Oct 27, 2012; Detroit, MI, USA; Detroit Tigers starting pitcher Anibal Sanchez (19) reacts after pitching the sixth inning against the San Francisco Giants in game three of the 2012 World Series at Comerica Park. Mandatory Credit: Rick Osentoski-USA TODAY Sports
The Tigers can’t really afford to go into 2013 without adding another starting pitcher, either through free agency or trade. The pitcher doesn’t need to be a big time signing, just a guy that the Tigers could count on if one of their starting five gets hurt, and be an adequate, if not solid, fill in.
There are several reasons why, but first and foremost, Justin Verlander isn’t a concern in any of this. Verlander is going to do what he always does. That’s pitch well over 200 innings and be in the Cy Young race. If he doesn’t, no depth signing is going to be able to make up for that anyway, and the Tigers are likely toast.
There are genuine concerns with the other starting pitchers though.
Max Scherzer at the end of the season last year had some shoulder soreness. If we think back to before 2010, one of the reasons that the Tigers were able to acquire Scherzer was that the Diamondbacks believed his delivery was going to lend itself to injury in the future. Scherzer has been very durable in his three years with the Tigers, but we have seen several times where his delivery apparently gets out of whack. He fixes it, but it has led to inconsistency. Scherzer has yet to put together back to back impressive seasons in a Tigers uniform. 2013 is due to be a Scherzer off year.
Doug Fister himself dealt with nagging injuries in 2012, spending some time on the disabled list in the process. I’m not as concerned with Fister’s long term health prospects, as his delivery seems to be just fine to me, and his injury last year was more fluke than anything. However, what was apparent is losing Fister is to Verlander like losing Robin would be to Batman. Fister’s production on the mound is an important aspect of the Tigers pitching staff, and we saw when he went out the Tigers didn’t have a reliable replacement for him this past season.
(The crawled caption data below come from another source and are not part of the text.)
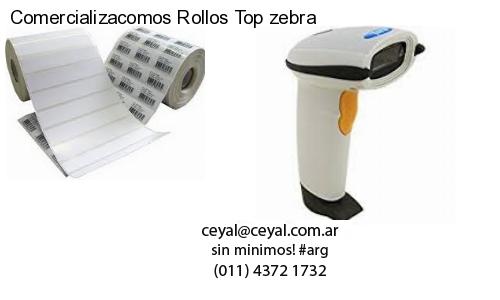 Comercializacomos Rollos Top zebra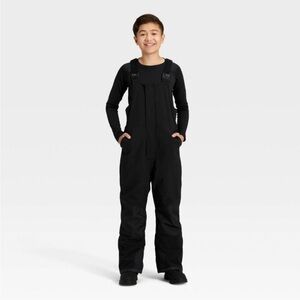 All in Motion Black Ski/Snowsuit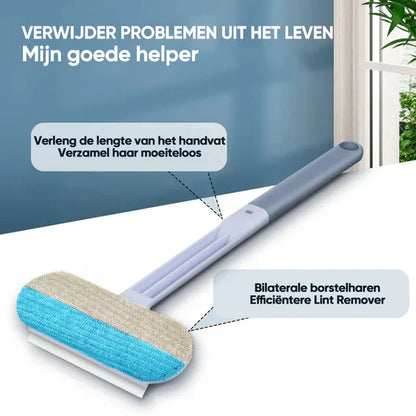 PetHair Eliminator | Versatile Cleaning Brush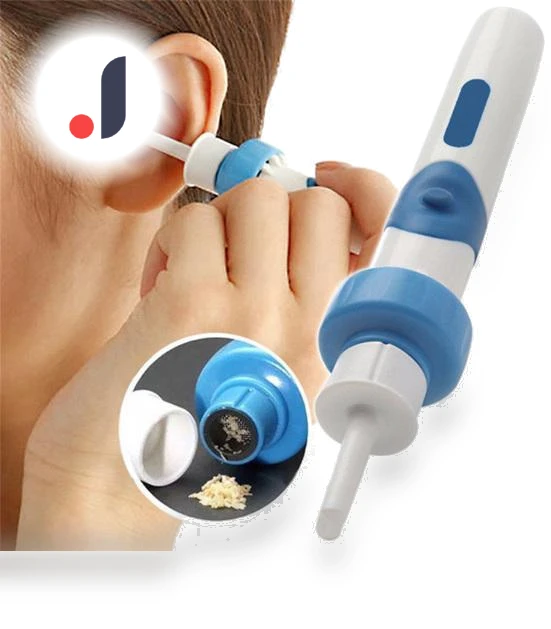 Electric Ear Cleaner — Wax Removal, Worldly Boutique
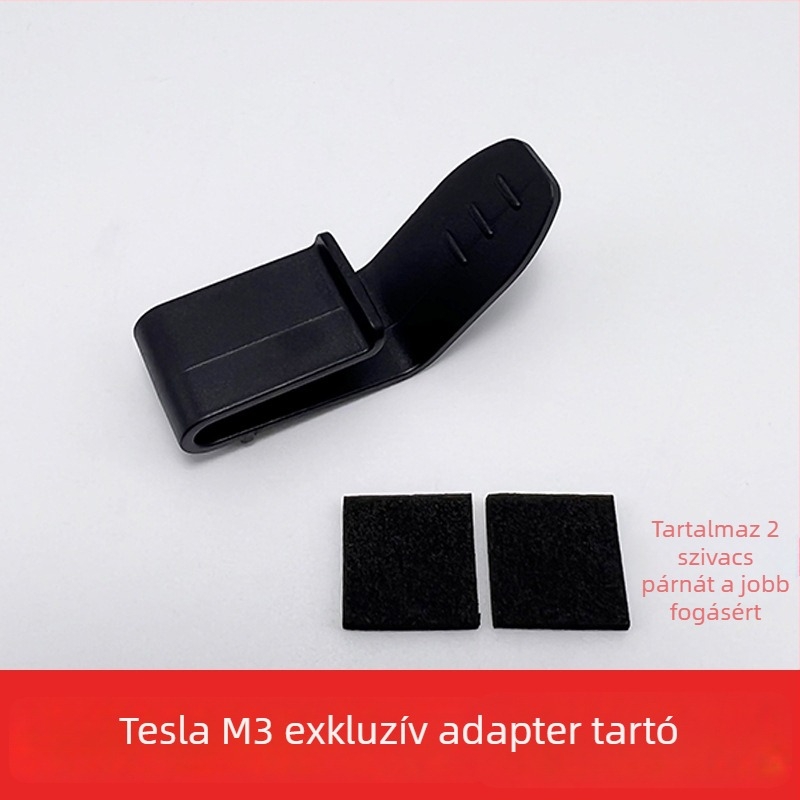 Tesla Model 3 autó légkivezető klip illatosító — Elan Xiang virágos illattal, 61–90 napos volatilizációs időtartam, 5 mL alatti űrtartalom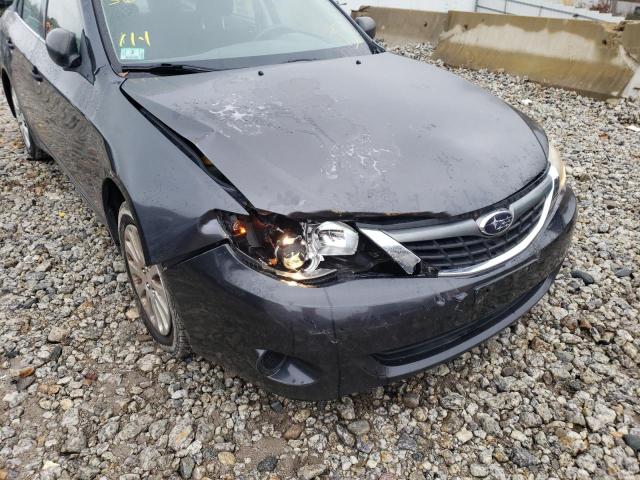 JF1GE616X8H525673 Subaru Impreza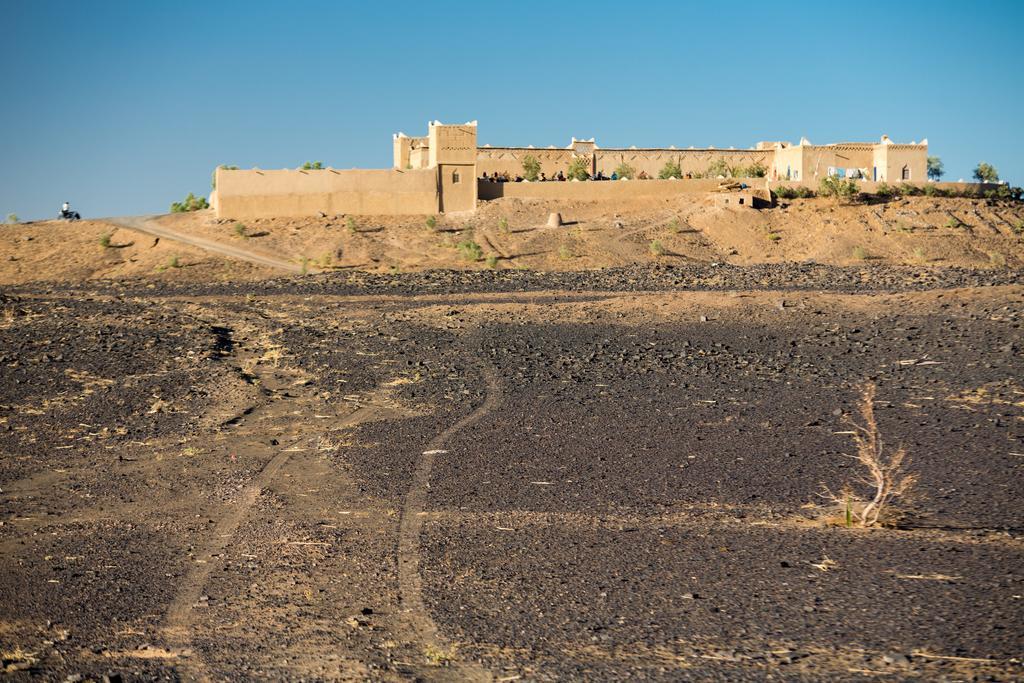 Kasbah Hotel Panorama Merzouga Exterior photo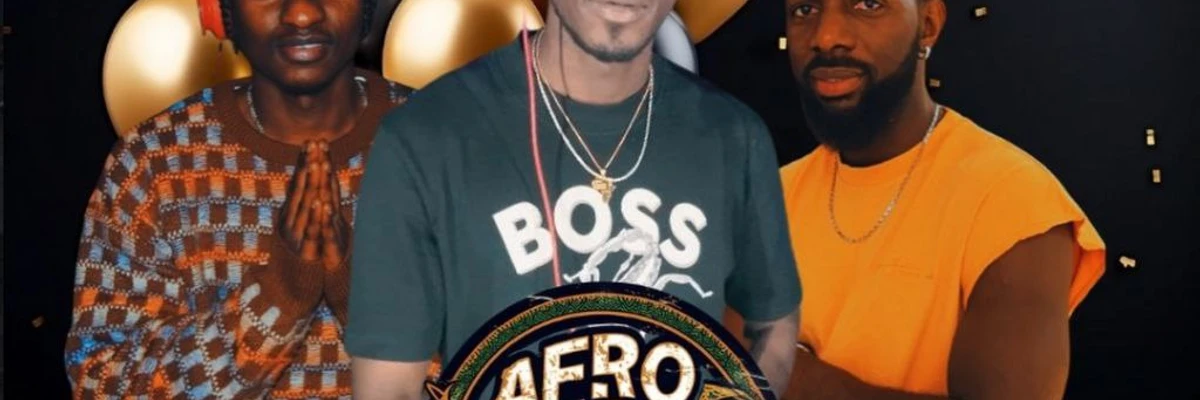 AFRO CARIBBEAN PARTY event-page image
Rick Porcello’s concern is that he just isn’t good enough to be more than a fourth starter. That is okay I guess. There is nothing to say that he needs to better, but I think more was expected of him when the Tigers drafted him. They just haven’t got it to this point. His production could certainly be improved upon.
Smyly is kind of a wild card. He looked like he could handle his own most of his rookie season this past summer. I think that bodes well for the future. However, he has yet to really extend his innings into what you would like to see out of a starting pitcher. Since being drafted a couple of years ago, Smyly has never made it through a whole season unscathed by the injury buy. Until he makes it through, it would be good to have a back up plan in place.
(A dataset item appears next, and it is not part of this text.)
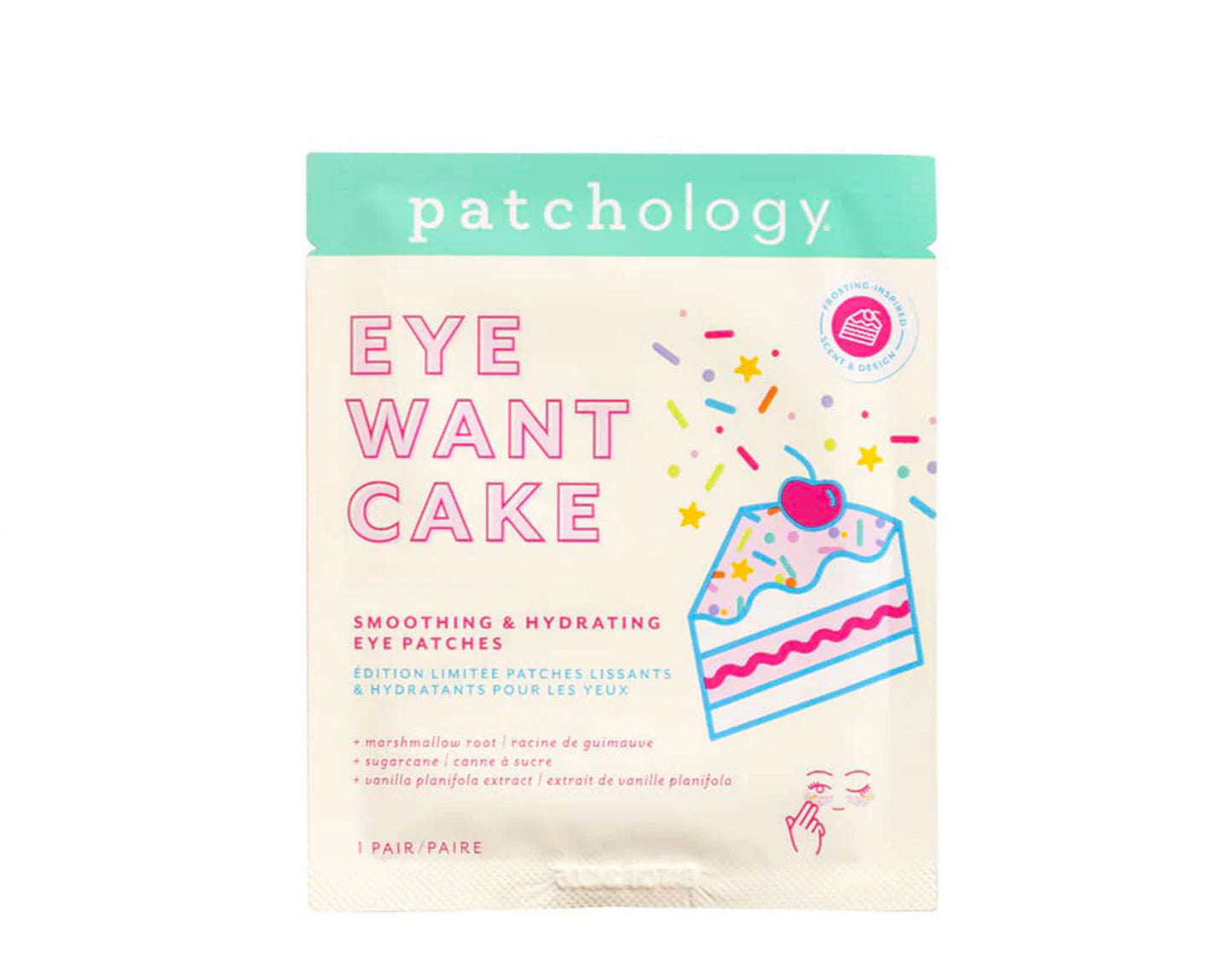 Eye Want Cake Confetti Eye Gel Single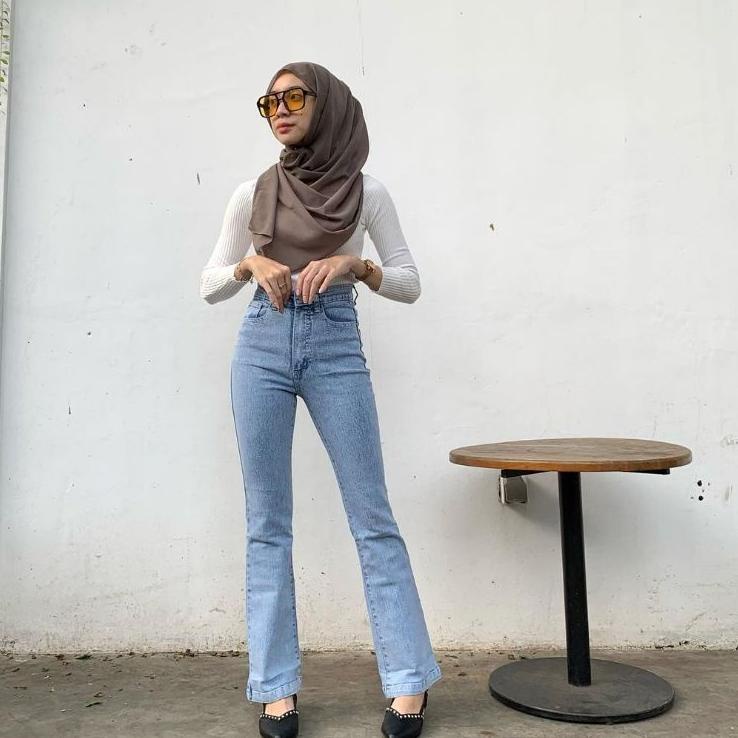 [MIP.14My22ᴷ] Hellen Cutbray Jeans (Cky)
The back up plan right now in the Tigers system doesn’t necessarily exist. As of now, those two options continue to be Casey Crosby and Andy Oliver. Maybe even Adam Wilk. That is of course if the Tigers don’t sign Anibal Sanchez. While I still have a little faith that Crosby might be able to get the job done, he is certainly no sure thing. The Tigers would do better to find a reliable starter with some experience, so maybe they could have Smyly pitch in AAA until he is needed.
It’s a rare thing that a baseball team makes it through the season with all five starters intact. The Tigers didn’t last year, and I don’t suspect they will next season either. Next time, maybe the Tigers aren’t so lucky and a starter misses extended time.
The good thing is, I am by no means a baseball genius, and I am certain David Dombrowski is aware they could use a starting pitcher or two. How he obtains that, I don’t know. The off-season just started, so it will be something worth following as the off-season goes along.